Thor Blitz, $0.99 (by Heitor Barcellos) Universal


   Hello all, I am Frost and going to start with the game Thor Blitz, by one man developer Heitor Barcellos.

   Basically, Thor Blitz is a match-3 game and its obviously inspired by the nordic god of thunder, Thor, who is at war with the Olympus.

   The game plays as a normal match-3 game, theres falling pieces and you have to match them on the bottom of the screen, having multiple pieces like triangles, squared blocks, diamonds and more, a lot more. The sword on top releases the pieces, always falling in groups of 2. You control the sword by tilting your iDevice. While the pieces are falling, and by the way to do it really fast, i heard 1.1 fixed this, but i wish it could be slower, being sometimes frustating at later levels… you have to drag them wherever you want to place them, if you can, and lets you flip the pieces on mid air on once placed on the gound, but you have limited moves, because theres a bar shaped like a sword that limits your moves, making your brain work faster. The point here, as many other match-3 games is to “form horizontal, vertial or L-shaped chains of three or more pieces”… also, you can make combos with 4+ chains to collect Diamonds, if you collect the required 3 diamonds, you will cast a super power called Thunderbolt, wiping out the screen. While this is the bigger combo possible, theres also lower one like earth or aqua combos (is all about making combos to survive), all being flashy and bringing some effects to enlighten it a bit although the game looks solid, in full Retina Display.

   The game has some depth, because you gain experience, gaining levels (and here is where the God of War influence kicks in), and some levels brings you new powers and adding runes, actually being like normal pieces, to the mix, ramping the difficulty up quite a little as you progress. I wish there could be some explanations for each of them, like Pigs on Trees, who does an outstanding job at that because they just show you the piece, leaving you wondering what it does. Some of them to help you, like Mjölnir, Thors hammer, that wipes an entire line or the multi-metal can, who can be combined with anything… also added are other regular pieces, called Runes to add more difficulty to mix them together. There are also bad powers, like the Hades Touch, inverting controls.

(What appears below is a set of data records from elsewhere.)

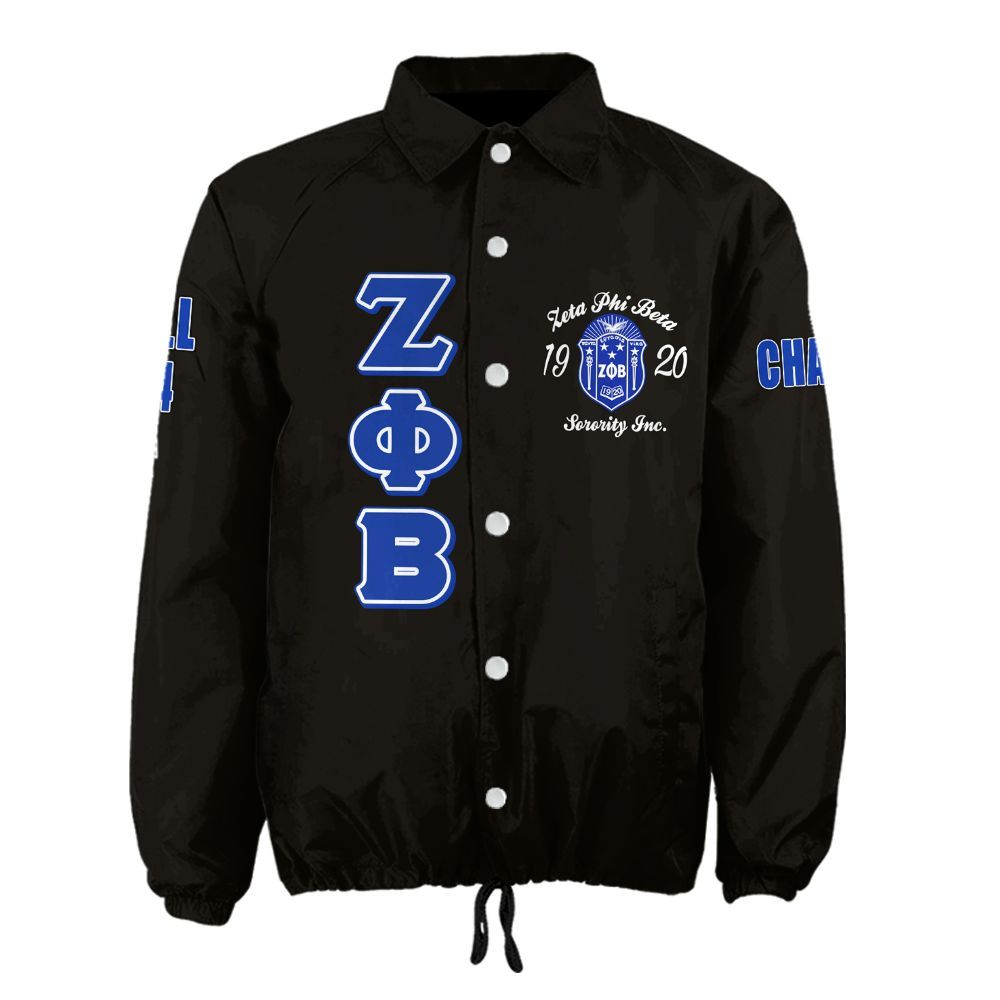 Zeta Phi Beta Sorority Crossing Jacket – Custom Crest & Name Embroidered Coach Jacket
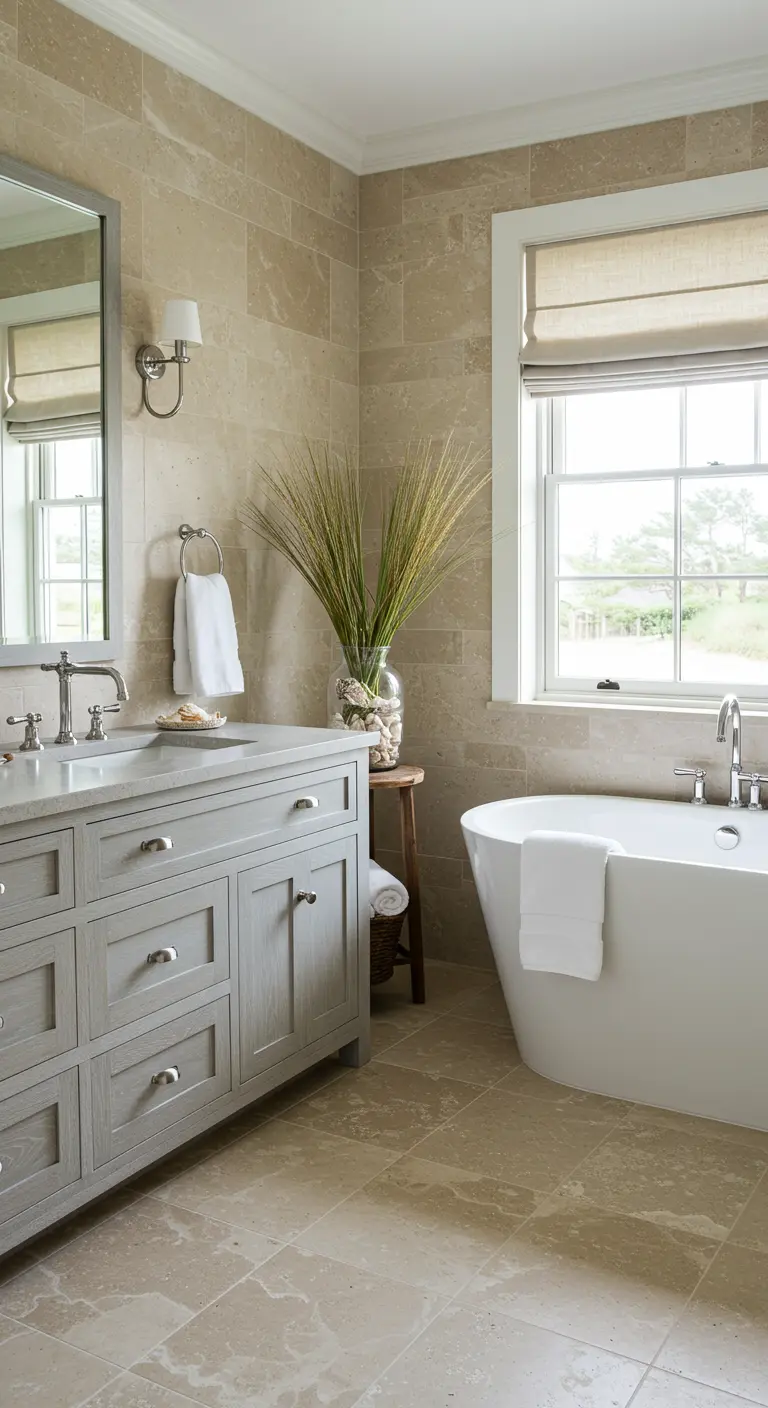 Klassieke badkamer met beige stenen tegels, een grijs meubel en een linnen vouwgordijn voor het raam.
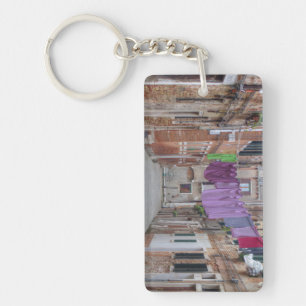 Clothesline In Venice Italy Key Ring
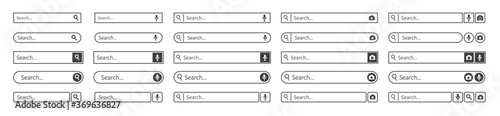 Various shape colorful search bar set photo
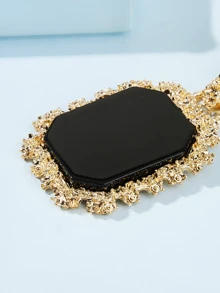 Two Tone Geometric Drop Earrings 1pair - Black - View 3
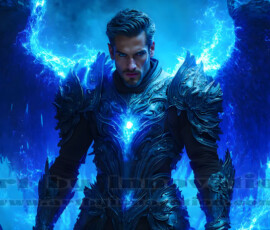 Stunning AI-generated male angel art — handsome heavenly warriors with enormous shimmering wings descending from the celestial realm. Heaven's Warriors Collection by Jeff Dupler.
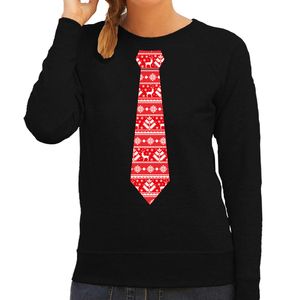 Stropdas Kersttrui/Kerst sweater kerstpatroon zwart voor dames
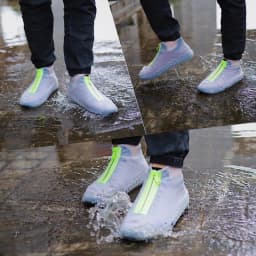 Zipper Rain Boots Waterproof Shoe Cover Silicone Unisex Outdoor Solid Waterproof Non-slip Wear-Resistant Reusable Easy Wearing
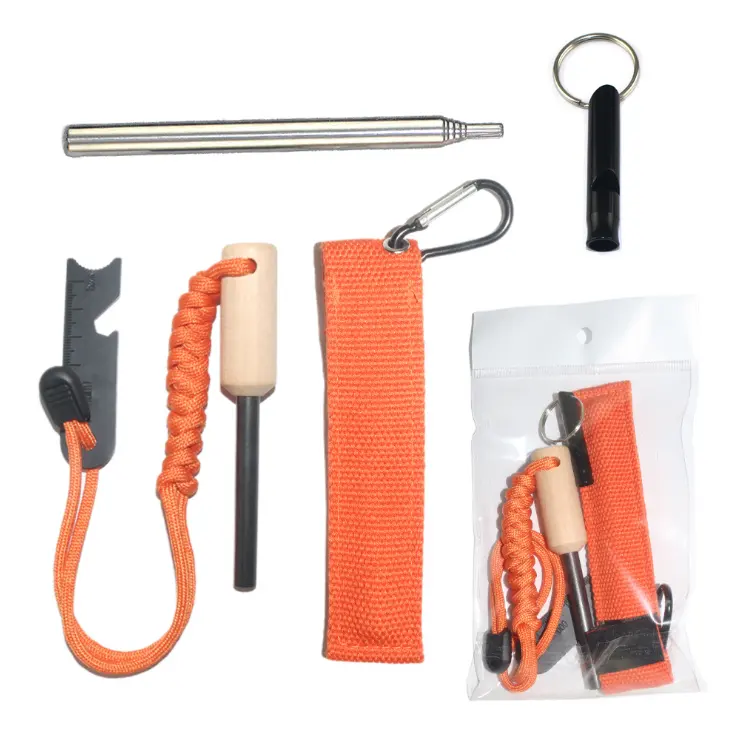 Überlebens ausrüstung Karabiner Feuerstein Magnesium Bar Blasrohr Magnesium Rod Lebens rettende Pfeife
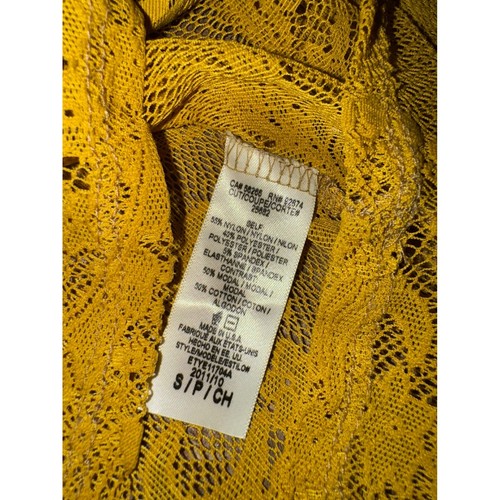 Ella Moss Lace Long Sleeve shirt sheer mustard Yellow NWT - Picture 7 of 7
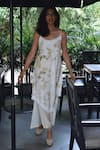 Shop_Jasmine Bains_Ivory Mulberry Silk Printed Foliage Round Asymmetric Dress _Online_at_Aza_Fashions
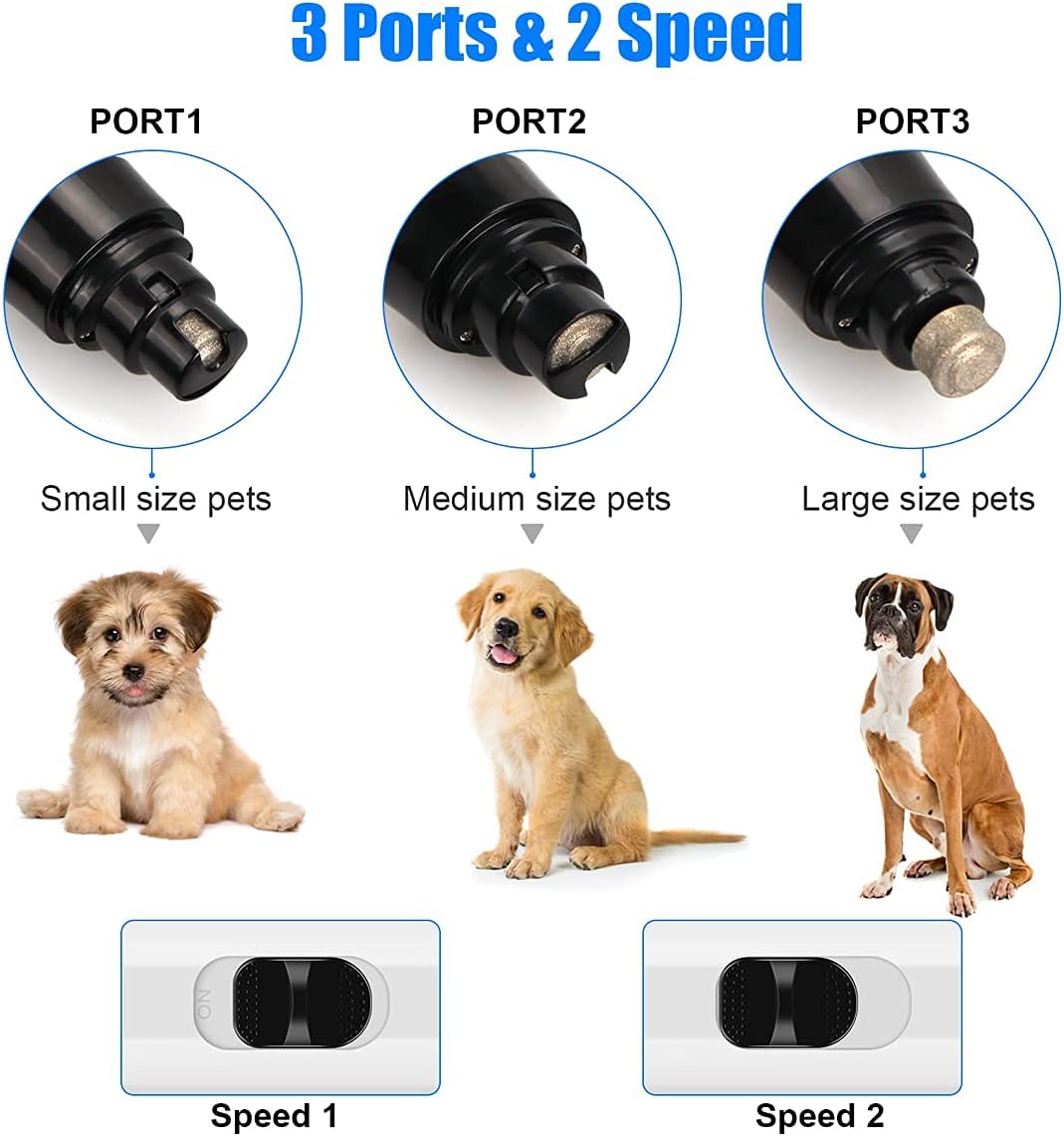 ATESON Dog Nail Grinder and Clippers with Safety Guard, Rechargeable Pet Nail Trimmers with Quite Low Noise for Large Medium Small Dogs and Cats, Pet Claw Grinder Clipper File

   There two game modes and a tutorial. The game modes is Story and Ragnarok, the fist one being the normal game, unlocking runes and progression through levels and the latter is a endless survival mode with everthing unlocked from the beginning and is quite challenging. The tutorial could be more explanatory with the power-ups , but i guess the dev wants to surprise you while playing… Replayability is good because you want to see whats ahead, and unlock new runes and powers, so this gives this game a “one more time” appeal. Theres also one leaderboard with your total points for both modes to compare youself with the rest of the world, and 6 achievements.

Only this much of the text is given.